Car ce qui est révélé par cette séquence dépasse les enjeux de surveillance. Sur le fond, nous ne sommes pas surpris·es de cette volonté d’étendre la surveillance algorithmique de l’espace public, tant cela a été affiché par les promoteurs de la Technopolice année après année, rapport après rapport. En revanche, la manière dont l’opération est menée est aussi brutale qu’inquiétante. Elle révèle l’indifférence et le mépris croissant de la classe politique dominante vis-à-vis de l’État de droit. Les mécanismes juridiques de protection des droits humains sont ainsi perçus comme des « lourdeurs administratives », empêchant « l’efficacité » de l’action qu’il faudrait mener pour la « sécurité ».
Au nom de cette logique, nulle peine de s’expliquer ni de prendre en compte les décisions des tribunaux, les promesses que le gouvernement a lui-même faites à la représentation parlementaire ou encore les exigences posées par le Conseil constitutionnel. La fin — légaliser la VSA, structurer le marché et l’imposer dans les usages policiers — justifie les moyens — violer les promesses d’évaluation, mentir en assurant la représentation nationale que ces technologies ont donné entière satisfaction, prétendre que la VSA n’a rien à avoir avec la reconnaissance faciale alors que le ministère est évidemment dans l’attente de pouvoir légalement suivre des personnes et les identifier au travers de ces technologies.
Le symptôme d’une dérive générale
Ce nouveau déni de démocratie n’est pas un cas isolé. Nous voyons ce phénomène s’étendre de plus en plus, et dans toutes nos luttes. Nous voyons ainsi l’État vouloir écarter le droit à se défendre et le principe du contradictoire dans la loi Narcotrafic, tout en supprimant les limites aux pouvoirs du renseignement, le tout pour toujours surveiller davantage.
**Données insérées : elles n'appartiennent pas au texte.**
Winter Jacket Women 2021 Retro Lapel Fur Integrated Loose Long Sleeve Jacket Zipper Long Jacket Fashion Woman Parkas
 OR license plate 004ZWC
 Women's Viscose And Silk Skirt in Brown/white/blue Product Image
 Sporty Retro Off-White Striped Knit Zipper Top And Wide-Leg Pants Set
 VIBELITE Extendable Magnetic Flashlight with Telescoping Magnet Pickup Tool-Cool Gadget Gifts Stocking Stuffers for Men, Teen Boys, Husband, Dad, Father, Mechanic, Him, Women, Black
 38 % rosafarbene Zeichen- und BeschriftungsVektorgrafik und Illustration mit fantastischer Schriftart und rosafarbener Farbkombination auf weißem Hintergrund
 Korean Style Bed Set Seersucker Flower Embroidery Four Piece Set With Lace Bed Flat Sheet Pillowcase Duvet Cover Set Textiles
Nous suivons également ses intentions de modifier la réglementation environnementale afin de construire des data centers sans s’embêter avec la protection des territoires et des ressources, perçue comme une entrave. Nous documentons aussi la destruction organisée de la solidarité et de la protection sociale, à travers un système de surveillance et de flicage automatisé des administré·es de la CAF, de la CNAM ou de France Travail, sans que jamais ces institutions n’aient à expliquer ou à rendre des comptes sur le contrôle social qu’elles mettent en place. Nous assistons, enfin, à l’élargissement toujours plus important des pouvoirs des préfets, qui s’en servent pour limiter abusivement les libertés d’association, empêcher des manifestations ou fermer des établissements. S’ils se font parfois rattraper par les tribunaux, ils parient le plus souvent sur l’impossibilité d’agir des personnes réprimées, faisant de nouveau primer le coercitif sur la légalité.
L’extension de la VSA qui sera votée demain doit donc s’analyser dans ce contexte plus général de recul de l’État de droit. Dès lors que l’on se place dans le jeu légaliste et démocratique, ces méthodes brutales du gouvernement sont révélatrices de la dynamique autoritaire en cours. Et le silence médiatique et politique entourant cet épisode, alors que la VSA a pourtant suscité beaucoup d’oppositions et de critiques depuis le début de l’expérimentation, est particulièrement inquiétant. Le Conseil constitutionnel sera probablement saisi par les groupes parlementaires de gauche et il reste la possibilité qu’il censure cette prolongation. Nous ne sommes pas rassuré·es pour autant.
Ce processus de mise à l’écart des règles de droit ne fait que s’accélérer et nos alertes ne seront certainement pas suffisantes pour arrêter le gouvernement. Le sursaut doit venir des parlementaires encore attaché·es au respect des droits et des libertés en démocratie.